## WHAT THIS TASK INVOLVES:
Among the records that follow, find the line with "Chariot de rangement" and the line with "ARMANI EXCHANGE Men's". Set down those lines and all lines between them exactly, without adding anything.

## MATERIAL FOR THE TASK:
%%
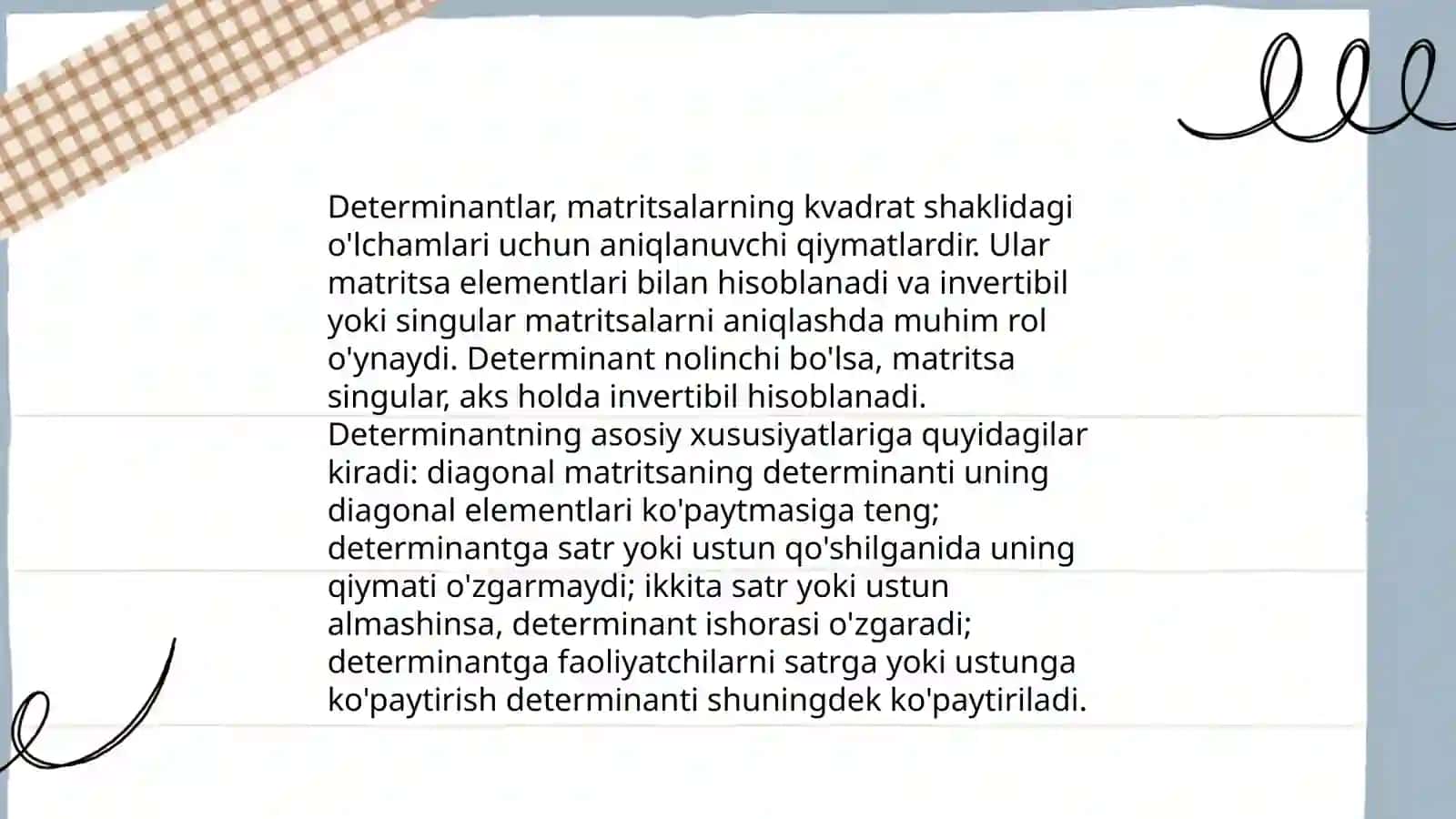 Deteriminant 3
%%
%%
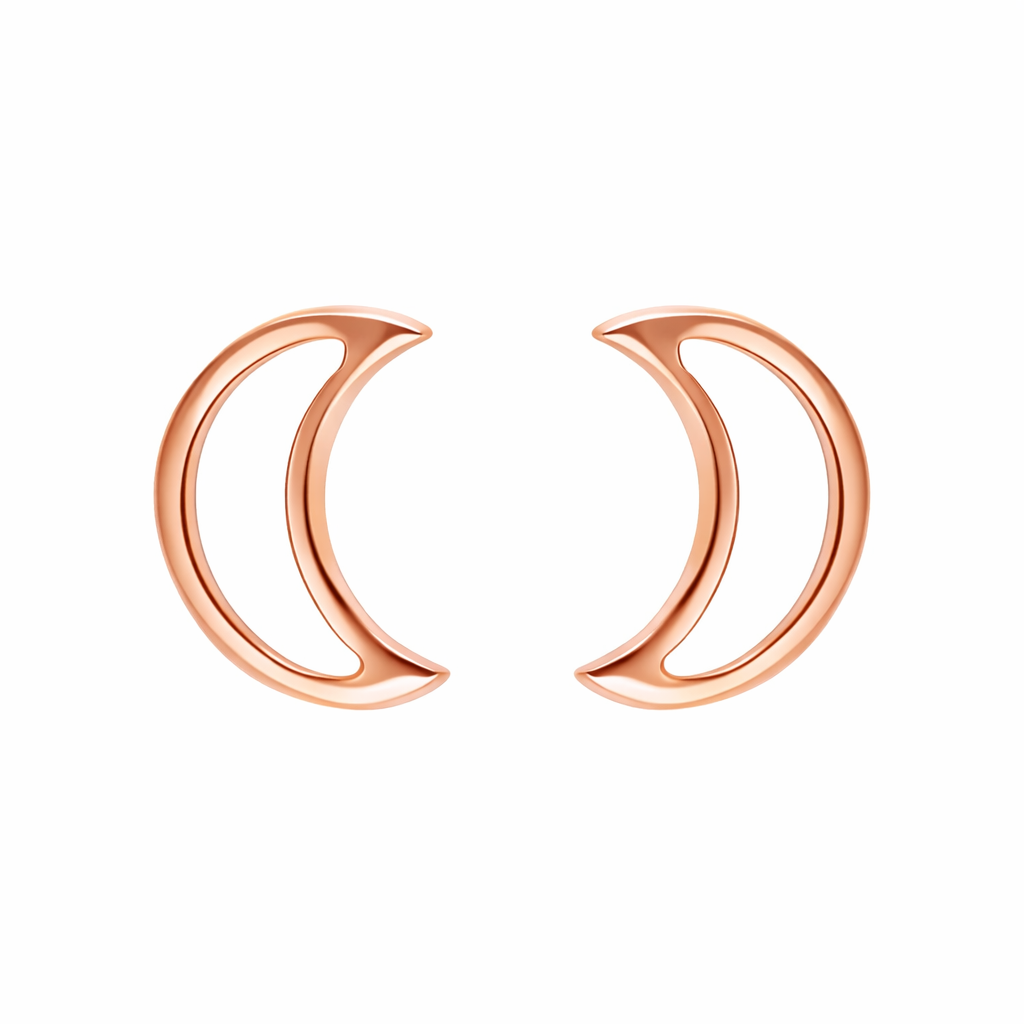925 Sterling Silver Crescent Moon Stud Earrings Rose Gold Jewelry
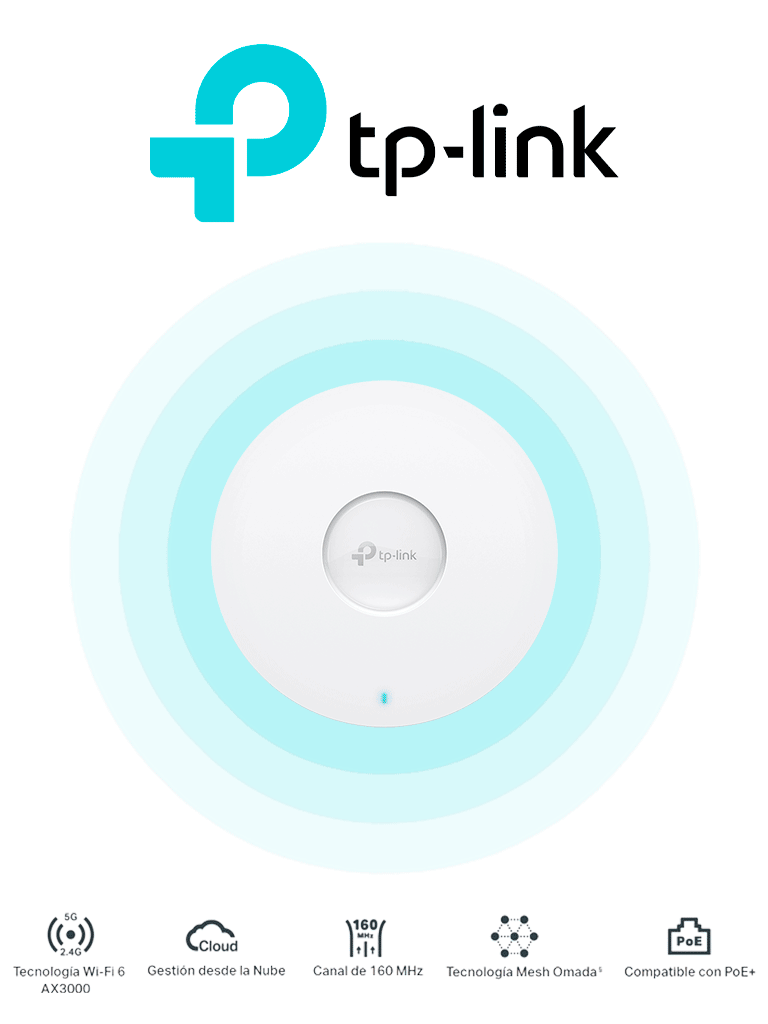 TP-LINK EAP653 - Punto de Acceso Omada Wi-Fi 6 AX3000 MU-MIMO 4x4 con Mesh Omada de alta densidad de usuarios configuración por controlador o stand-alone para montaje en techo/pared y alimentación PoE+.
%%
%%
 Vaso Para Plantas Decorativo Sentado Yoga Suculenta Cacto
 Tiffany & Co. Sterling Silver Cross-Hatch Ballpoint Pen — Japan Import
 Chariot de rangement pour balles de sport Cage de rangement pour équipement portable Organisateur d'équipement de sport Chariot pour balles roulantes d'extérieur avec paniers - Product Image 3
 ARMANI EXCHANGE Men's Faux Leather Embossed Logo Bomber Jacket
%%
## WRITTEN SOLUTION:
 Chariot de rangement pour balles de sport Cage de rangement pour équipement portable Organisateur d'équipement de sport Chariot pour balles roulantes d'extérieur avec paniers - Product Image 3
 ARMANI EXCHANGE Men's Faux Leather Embossed Logo Bomber Jacket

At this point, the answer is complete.